The three of us surveyed the house. G remembered that a window, reachable only by scurrying up one side of the roof used to be left open for the cat Abelard. We could just see it from below, and it was clearly closed now, Abelard having been dead for some years and Eloise not able to jump higher than a bed. But there was a chance it might not be locked. Cruella didn’t volunteer to climb, and G and I were both too short to reach the bottom of the roof from the ladder we had. At last G declared that her husband was my only hope.

The Firefighter arrived, fetched a longer ladder, lifted himself onto the roof, made his way to the top, removed the screen, opened the window and climbed in, as we cheered below.

Later, in the Island diner, Cruella grabbed my chin, plucked off my glasses, and turned my head side to side. “You have wonderful bones,” she said, “I’d love to do your make up.”

I bought G’s dinner (the Firefighter having gone home). Just before they parted G and Cruella exchanged prescription drugs in the car. Cruella advanced G some valium and in return G gave her something more interesting. “These are for dogs, though,” G said tentatively.

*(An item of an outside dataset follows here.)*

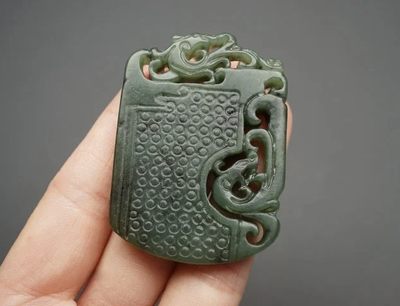 玉石翡翠玛瑙｜拍卖专场 碧玉镂空雕龙牌 挂件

“No problem,” said Cruella.

And that, sports fans, is why there was no blog post on Friday.

May 5, 2008

Cinquo de Mayo

Filed under: A long way from home,misc — Duchess @ 10:48 am

I woke up feeling hard done by because it is a Bank Holiday in the UK. I had already missed the traditional Oxford May Morning celebrations, when Magdalen choir sings from the College tower and there is dancing in the streets, and now I was missing my day off.

This was not entirely reasonable, since every day for a fortnight has been a day off for me, but today that is about to end. I have a “job”. I have put it in inverted commas (that’s quotes to Yanks) because it is possible that it is only a rumour – I don’t have a job title, job description, contract, or anything else in writing; no one has asked for my social security number and none of my employers is likely to be around when I report to the office later today.

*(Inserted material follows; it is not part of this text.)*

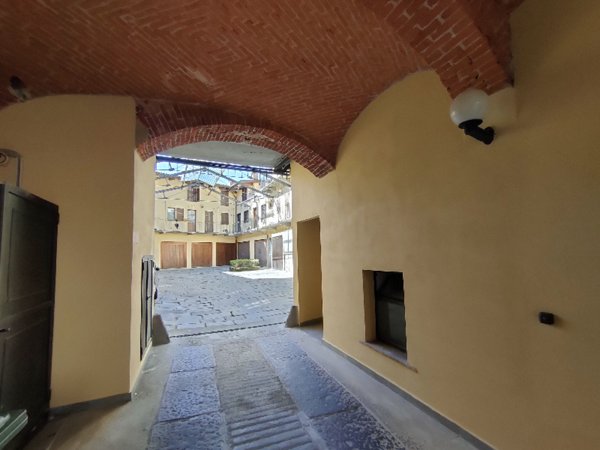 appartamento in affitto a Biella in zona Centro Città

I did think I might find out a little more about their projects at a community meeting planned for last Saturday, which I risked my life getting to, on account of bicycling on the wrong side of the road. Sig.ra La Kitchenette, a board member of the local non profit that has “hired” me, was meant to give a slide show about their work. Seven people stood in the car park (parking lot) for half an hour, but Sig.ra did not arrive. There was no meeting and I am none the wiser, yet.